Cofanie liczników o kilkadziesiąt tysięcy kilometrów, fałszowanie książek serwisowych, "odmładzanie" aut - tak wygląda handel używanymi autami z Niemiec w komisach przy naszej zachodniej granicy. Dziennikarze "Superwizjera" TVN przekonali się, jakie metody stosują handlarze, by oszukać nieświadomych klientów.

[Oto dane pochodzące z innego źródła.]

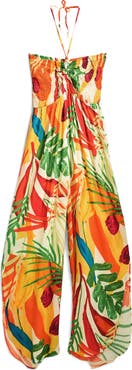 Desigual Tropical Print Halter Cover-Up Jumpsuit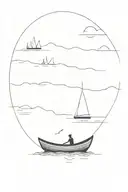 very simple design of a small rowboat floating down a skinny river with little areas of water pooling on each shore tattoo design idea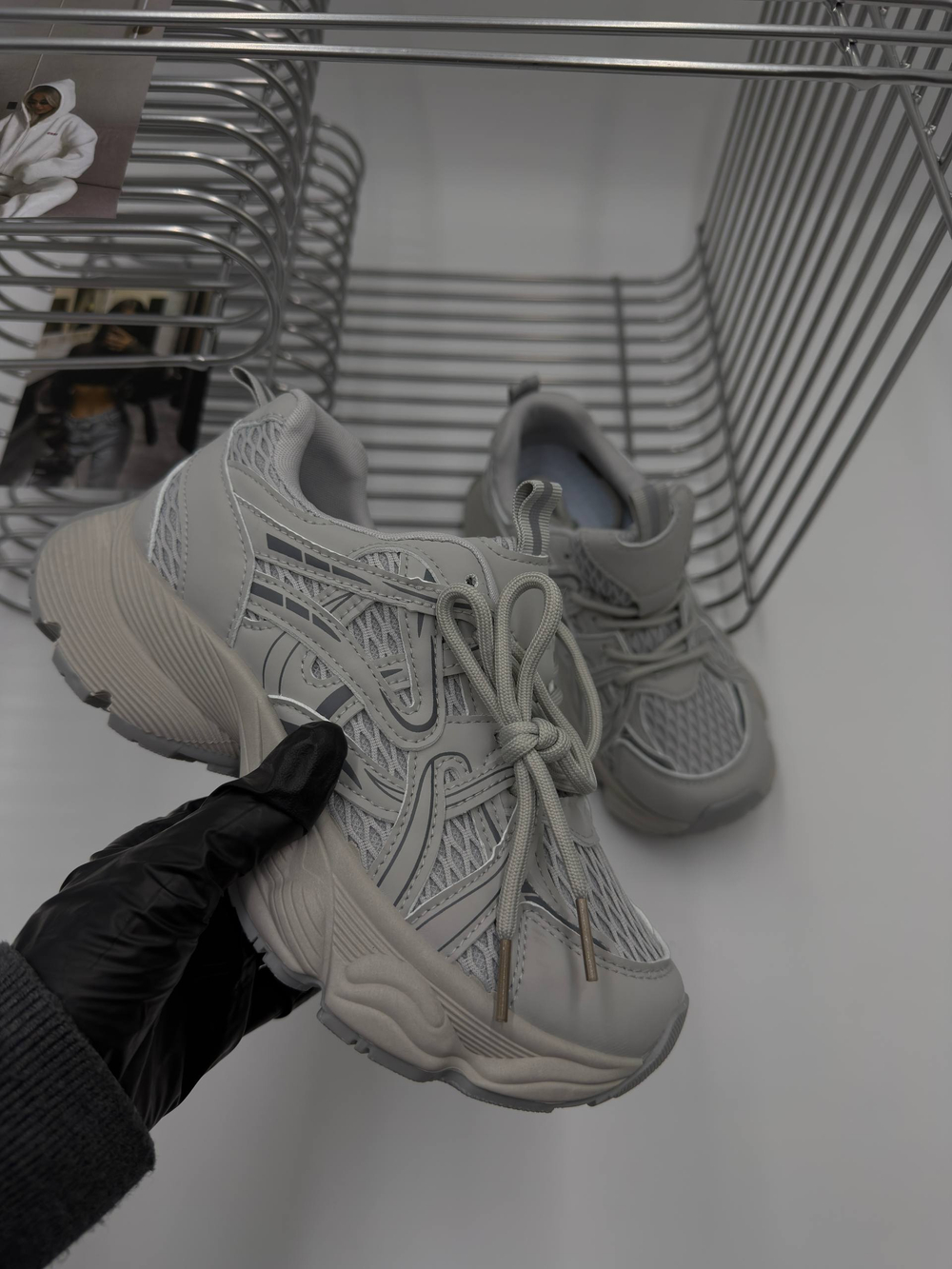 Кроссовки женские экокожа арт. 954-4 цвет "серый"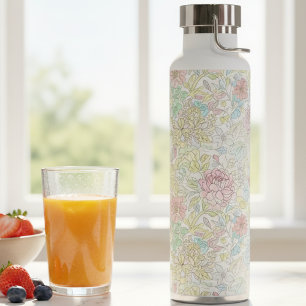 Botella De Agua Boceto de Acuarela Floral Pastel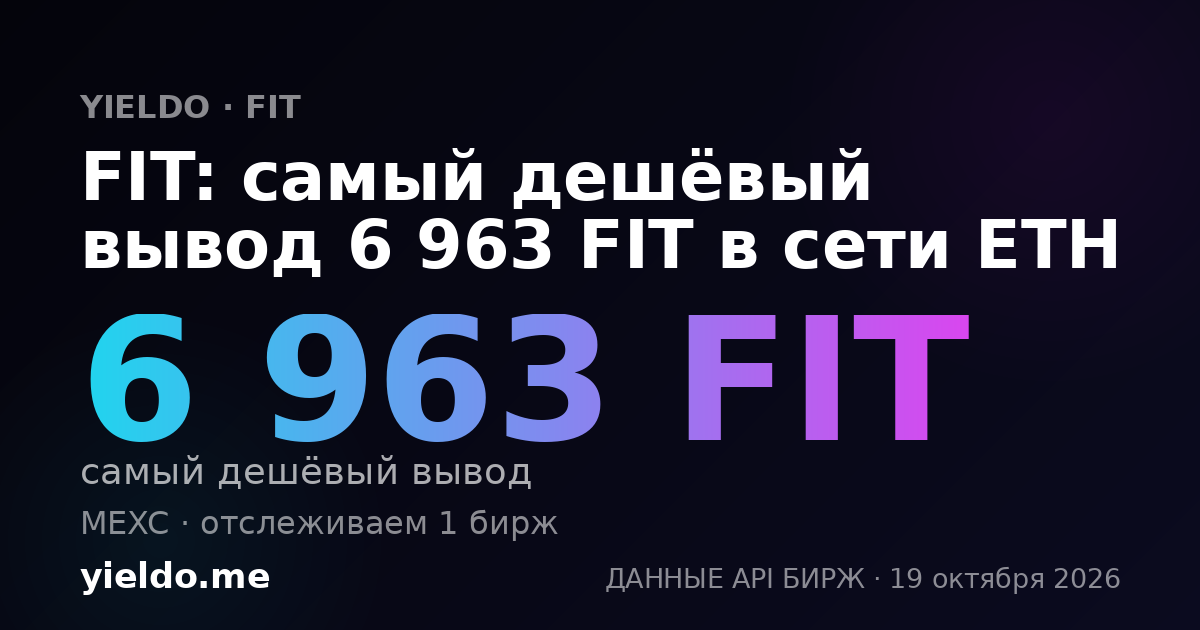 FIT: самый дешёвый вывод 6 963 FIT в сети ETH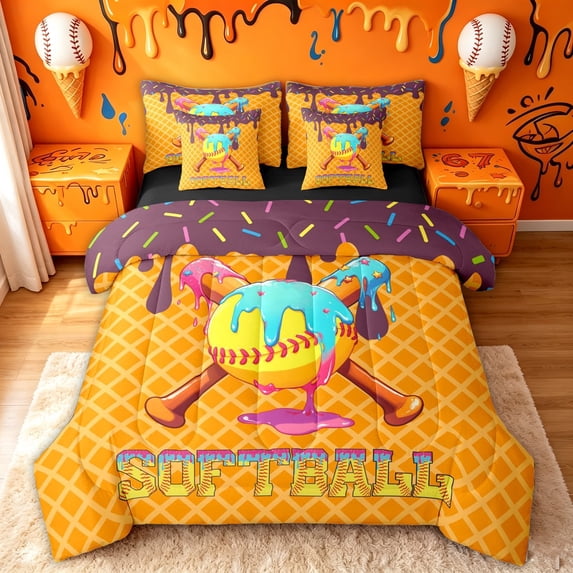 meiyoeat Softball Ice Cream Twin Bedding for Girls, Candy Baseball Bat Drip Bedding Comforter Set, Black Reversible, 7pcs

Reporterzy Superwizjera przez tydzień odwiedzali komisy zajmujące się handlem sprowadzanymi z Zachodu, używanymi autami. Przedstawiali się jako zwykli klienci i obejrzeli dziesiątki samochodów, sprowadzonych głównie z Niemiec. Pomagał im w tym człowiek, który sam zajmował się sprzedawaniem aut. Zgodził się na towarzyszenie dziennikarzom, bo - jak mówił - sprzeciwia się nieuczciwości handlarzy.

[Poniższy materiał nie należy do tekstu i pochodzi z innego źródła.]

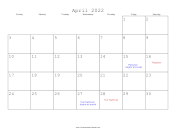 April 2022 Calendar with Jewish holidays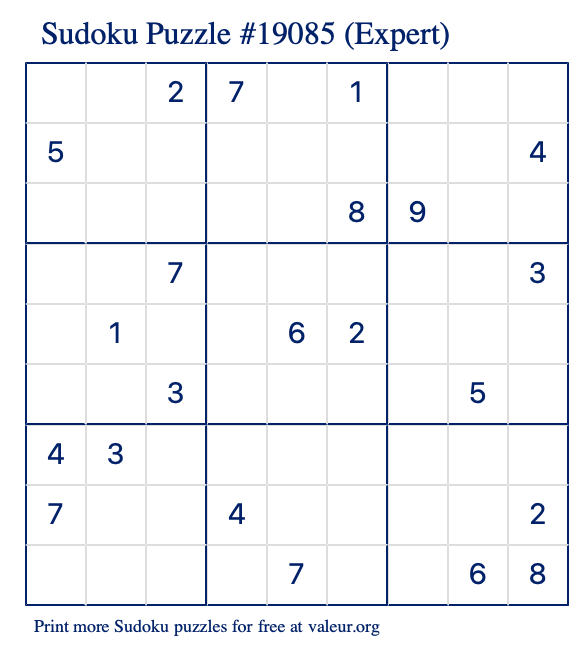 Free Printable Expert Sudoku Puzzle number 19085
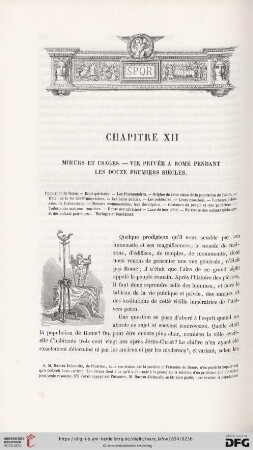 Chapitre XII: Moeurs et usages. - Vie privée a Rome pendant les douze premiers siècles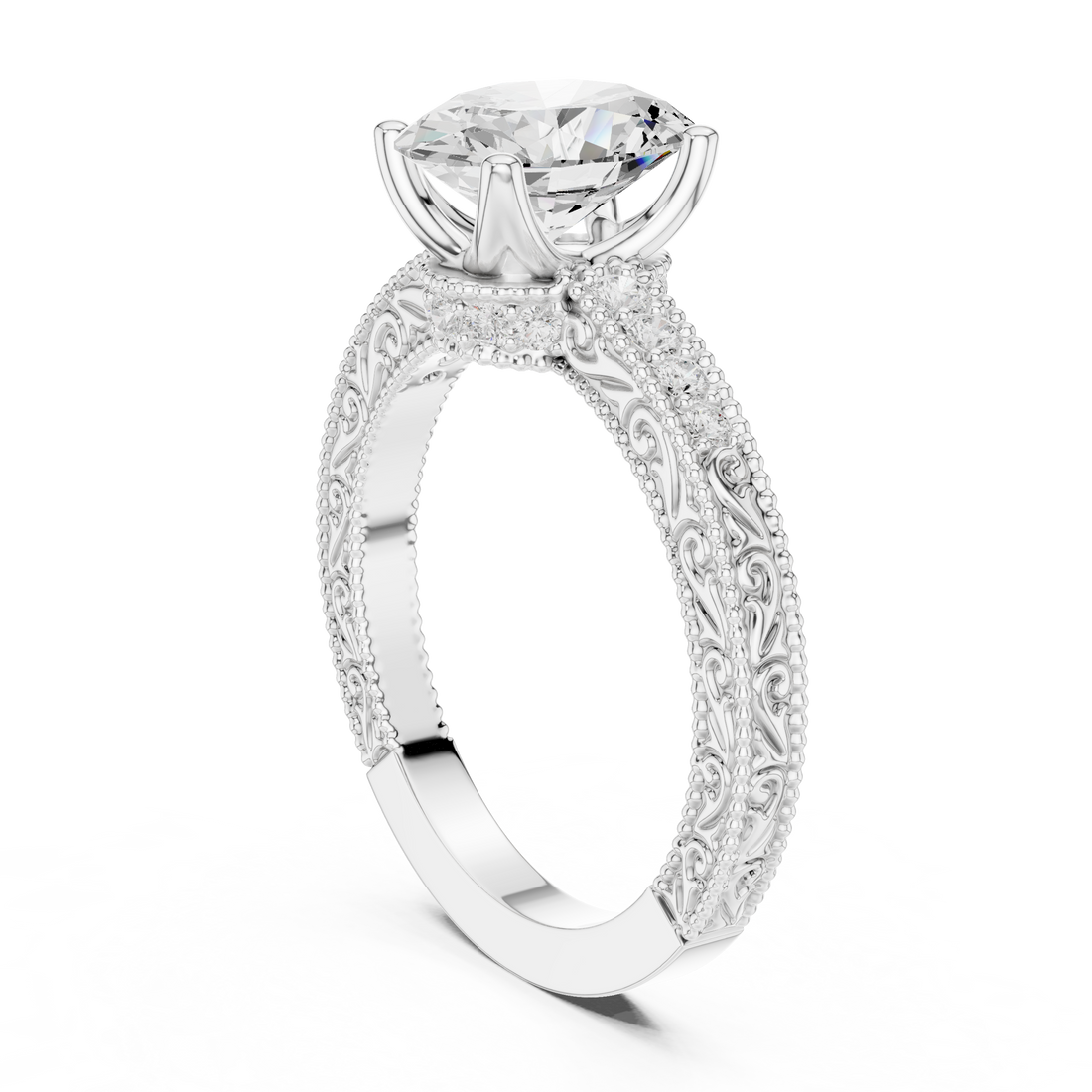 DDLR-893 - Vintage Oval Ring - White Gold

Przy zachodniej granicy działa wiele punktów, w których handlarze cofają liczniki przejechanych kilometrów w sprzedawanych samochodach. Takie warsztaty są otwarte przez siedem dni w tygodniu, 24 godziny na dobę. Działają legalnie, bo w Polsce cofanie licznika w samochodzie nie jest przestępstwem (w Niemczech już tak). A jak się okazuje, cofnięcie licznika to żaden problem, nawet w autach z górnej półki. - Każdą elektronikę można oszukać - mówi były handlarz. Jak przyznaje, trzeba uważać na "okazyjne" cenowo auta z małym przebiegiem. - Samochód sprowadzony z Niemiec po pięciu latach powinien mieć przebieg co najmniej 300 tysięcy - przekonuje mężczyzna. - Taki samochód to auto użytkowe, nie do jeżdżenia w niedzielę do kościoła - dodaje.
"Odchudzony" o 150 tys. km
Samochód sprowadzony z Niemiec po pięciu latach powinien mieć przebieg co najmniej 300 tysięcy - przekonuje mężczyzna. - Taki samochód to auto użytkowe, nie do jeżdżenia w niedzielę do kościoła. Rozmówca "Superwizjera"

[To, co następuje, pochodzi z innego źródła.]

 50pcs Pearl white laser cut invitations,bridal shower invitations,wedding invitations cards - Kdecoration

Jak się okazało, sprawdzone przez reporterów auta miały liczniki cofnięte o kilkadziesiąt, a nawet ponad 150 tysięcy kilometrów. Dziennikarze sprawdzili to w niemieckich serwisach, używając indywidualnego numeru, który posiada każde wyprodukowane auto.
Podający się za handlarzy chcących dokonać korzystnej dla siebie "korekty" przebiegu pojazdu - dziennikarze Superwizjera przekonali się jak łatwo i szybko można cofnąć licznik pojazdu. Z równą łatwością zmieniony przebieg można wpisać do książki serwisowej tak, by wszystko wyglądało na zgodne z prawdą i było praktycznie nie do wykrycia. Koszt - od kilkudziesięciu do kilkuset złotych. Z zalegalizowaniem fałszywego przebiegu też nie ma kłopotu. - Wystarczy oddać samochód do niemieckiego serwisu na wymianę paska rozrządu albo hamulców, co kosztuje kilkaset euro. Ale potem serwisant wpisuje do książki przebieg, który widzi na liczniku - tłumaczy rozmówca "Superwizjera".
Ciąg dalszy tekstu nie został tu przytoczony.